David Venables, aged 89, was jailed for life in 2022 following the discovery three years earlier of his wife Brenda’s remains in the underground chamber. Brenda had disappeared from the Kempsey home they shared in 1982. 

The prosecution alleged Venables wanted his wife gone after rekindling an affair with his mother’s former carer, fellow Kempsey villager Lorraine Styles.

​Venables told Worcester Crown Court he fell for “good-looking” Brenda over “sandwiches and trifle” at Droitwich’s Winter Gardens, during a Worcester and Kidderminster Young Farmers social in 1957, when he was 25 and she was 23.

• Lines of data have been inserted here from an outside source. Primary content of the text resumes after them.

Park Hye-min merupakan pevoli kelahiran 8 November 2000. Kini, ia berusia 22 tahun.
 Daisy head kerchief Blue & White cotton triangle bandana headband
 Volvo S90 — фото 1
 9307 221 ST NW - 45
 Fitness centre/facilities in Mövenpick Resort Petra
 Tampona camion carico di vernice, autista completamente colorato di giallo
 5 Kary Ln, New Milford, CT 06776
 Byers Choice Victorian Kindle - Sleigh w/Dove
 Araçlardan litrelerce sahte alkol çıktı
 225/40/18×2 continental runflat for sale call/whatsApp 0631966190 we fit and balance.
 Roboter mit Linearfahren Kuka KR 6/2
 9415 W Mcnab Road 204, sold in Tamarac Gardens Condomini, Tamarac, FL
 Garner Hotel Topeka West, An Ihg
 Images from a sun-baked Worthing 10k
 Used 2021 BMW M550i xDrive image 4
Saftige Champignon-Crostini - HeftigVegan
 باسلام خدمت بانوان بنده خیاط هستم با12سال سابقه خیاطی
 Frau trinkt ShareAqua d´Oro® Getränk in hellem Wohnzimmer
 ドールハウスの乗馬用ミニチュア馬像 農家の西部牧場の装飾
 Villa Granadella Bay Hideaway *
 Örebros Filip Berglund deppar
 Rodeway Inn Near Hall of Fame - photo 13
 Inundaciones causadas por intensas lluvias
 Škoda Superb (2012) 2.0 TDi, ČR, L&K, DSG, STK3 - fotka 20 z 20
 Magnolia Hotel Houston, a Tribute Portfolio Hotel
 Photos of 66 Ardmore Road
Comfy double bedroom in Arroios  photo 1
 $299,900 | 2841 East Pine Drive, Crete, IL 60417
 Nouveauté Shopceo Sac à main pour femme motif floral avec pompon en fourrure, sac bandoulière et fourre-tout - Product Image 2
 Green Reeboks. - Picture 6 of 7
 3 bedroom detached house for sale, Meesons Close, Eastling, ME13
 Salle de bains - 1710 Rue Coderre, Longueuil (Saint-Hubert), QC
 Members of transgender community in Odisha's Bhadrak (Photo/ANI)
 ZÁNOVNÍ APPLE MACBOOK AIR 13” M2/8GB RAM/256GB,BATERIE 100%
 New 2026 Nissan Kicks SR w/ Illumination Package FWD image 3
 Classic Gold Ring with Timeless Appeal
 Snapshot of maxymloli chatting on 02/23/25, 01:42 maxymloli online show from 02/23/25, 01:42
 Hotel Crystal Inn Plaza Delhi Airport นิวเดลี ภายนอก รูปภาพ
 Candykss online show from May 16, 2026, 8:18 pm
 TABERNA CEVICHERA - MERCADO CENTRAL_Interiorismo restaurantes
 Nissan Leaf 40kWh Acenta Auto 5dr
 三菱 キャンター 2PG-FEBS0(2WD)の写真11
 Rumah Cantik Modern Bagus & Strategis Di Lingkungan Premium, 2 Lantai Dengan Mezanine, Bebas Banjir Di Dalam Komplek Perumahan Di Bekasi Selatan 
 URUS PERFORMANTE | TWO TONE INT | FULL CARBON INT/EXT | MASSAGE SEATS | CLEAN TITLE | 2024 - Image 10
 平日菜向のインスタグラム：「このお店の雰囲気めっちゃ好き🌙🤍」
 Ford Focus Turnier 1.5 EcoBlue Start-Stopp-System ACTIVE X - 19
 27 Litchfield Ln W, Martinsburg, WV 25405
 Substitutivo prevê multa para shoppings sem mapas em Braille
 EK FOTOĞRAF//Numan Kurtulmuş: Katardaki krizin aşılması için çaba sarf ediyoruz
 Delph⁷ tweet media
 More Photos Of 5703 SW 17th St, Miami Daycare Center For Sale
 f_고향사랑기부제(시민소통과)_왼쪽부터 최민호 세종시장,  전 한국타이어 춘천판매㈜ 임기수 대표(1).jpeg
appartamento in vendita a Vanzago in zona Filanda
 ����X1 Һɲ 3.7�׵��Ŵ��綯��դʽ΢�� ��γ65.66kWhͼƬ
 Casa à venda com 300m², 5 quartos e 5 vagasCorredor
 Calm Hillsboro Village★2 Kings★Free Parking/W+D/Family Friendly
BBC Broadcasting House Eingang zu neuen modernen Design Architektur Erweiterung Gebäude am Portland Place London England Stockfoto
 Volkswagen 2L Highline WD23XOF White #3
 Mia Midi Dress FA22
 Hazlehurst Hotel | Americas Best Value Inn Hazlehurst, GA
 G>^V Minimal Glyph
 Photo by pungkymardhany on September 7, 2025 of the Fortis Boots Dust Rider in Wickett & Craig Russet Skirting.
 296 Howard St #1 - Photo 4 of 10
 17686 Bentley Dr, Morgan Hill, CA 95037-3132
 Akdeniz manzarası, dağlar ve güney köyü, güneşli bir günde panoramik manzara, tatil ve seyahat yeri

Brenda lived in Rushock, between Droitwich and Kidderminster, and Venables said he would stop in “for breakfast” on the way home from 4am trips taking produce to a Birmingham market.

The couple were married on June 1, 1960 at St Michael’s Church in the village. They moved into Quaking House Farm, Kempsey, eight months later.

Lorraine Styles died in 2017 but in a statement to police in 1984, which was read to jurors at the trial, she admitted her affair with Venables had lasted 14 years, from the late 1960s until 1982.

Lorraine later moved to Droitwich and remained in contact with Venables virtually up to her death.